Let’s solve the given problem step by step:
a. To calculate the breakeven point in sales units and value per month, we need to find the point where the total revenue equals the total cost. The total cost consists of variable costs and fixed costs. The variable cost per unit is the sum of direct material, direct labor, and variable overheads, which is 22 + 36 + 14 = 72 GHS per unit. The fixed cost per month is 12 * 2000 = 24000 GHS. The selling price per unit is 120 GHS.
Let x be the number of units sold. Then, the total revenue is 120x GHS and the total cost is 72x + 24000 GHS. Setting these two expressions equal to each other, we get 120x = 72x + 24000. Solving for x, we get x = 1000. This means that the breakeven point in sales units is 1000 units per month. The breakeven point in value is 1000 * 120 = 120000 GHS per month.
b. The margin of safety next month is the difference between the budgeted sales and the breakeven point in sales units.
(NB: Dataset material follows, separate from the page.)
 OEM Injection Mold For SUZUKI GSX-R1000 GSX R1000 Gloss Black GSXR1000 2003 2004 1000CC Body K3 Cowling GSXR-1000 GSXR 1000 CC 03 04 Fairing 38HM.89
Since the budgeted sales for next month are 2200 units and the breakeven point in sales units is 1000 units, the margin of safety next month is 2200 - 1000 = 1200 units.
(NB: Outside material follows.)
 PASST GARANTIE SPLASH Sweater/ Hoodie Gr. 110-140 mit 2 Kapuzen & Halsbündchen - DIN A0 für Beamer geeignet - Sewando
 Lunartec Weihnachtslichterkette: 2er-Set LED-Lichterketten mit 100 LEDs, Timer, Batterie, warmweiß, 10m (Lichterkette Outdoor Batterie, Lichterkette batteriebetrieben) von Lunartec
c. The budgeted profit for next month can be calculated by subtracting the total cost from the total revenue. The total revenue for next month is 2200 * 120 = 264000 GHS. The total variable cost for next month is 2200 * 72 = 158400 GHS. The total fixed cost for next month is 24000 GHS. Therefore, the total cost for next month is 158400 + 24000 = 182400 GHS. Subtracting this from the total revenue, we get a budgeted profit of 264000 - 182400 = 81600 GHS for next month.
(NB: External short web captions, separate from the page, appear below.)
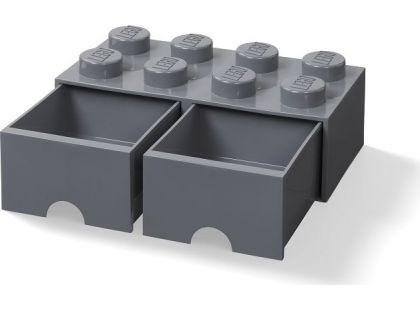 LEGO® Úložný box 8 s šuplíky - tmavě šedá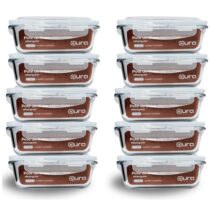 Conjunto 10 Potes Vidro Hermético de Travas 640ml Aura Do Brasil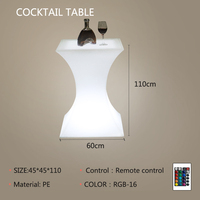 Fabrication de 16 tables lumineuses aux couleurs changeantes meubles d'extérieur imperméables à led table de bar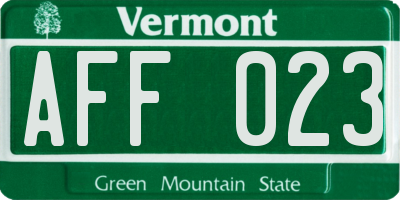 VT license plate AFF023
d. To calculate the sales level required to achieve a profit margin of 20% after tax of 30%, we need to find the number of units that need to be sold to achieve a certain profit before tax. Let x be the number of units sold. Then, the profit before tax is (120 - 72)x - 24000. Since we want this profit to be equal to (1 - 0.3) * (0.2 * (120x)), we can set up an equation and solve for x. This gives us (120 - 72)x - 24000 = (1 - 0.3) * (0.2 * (120x)). Solving for x, we get x ≈ 2143. This means that to achieve a profit margin of 20% after tax of 30%, approximately 2143 units need to be sold.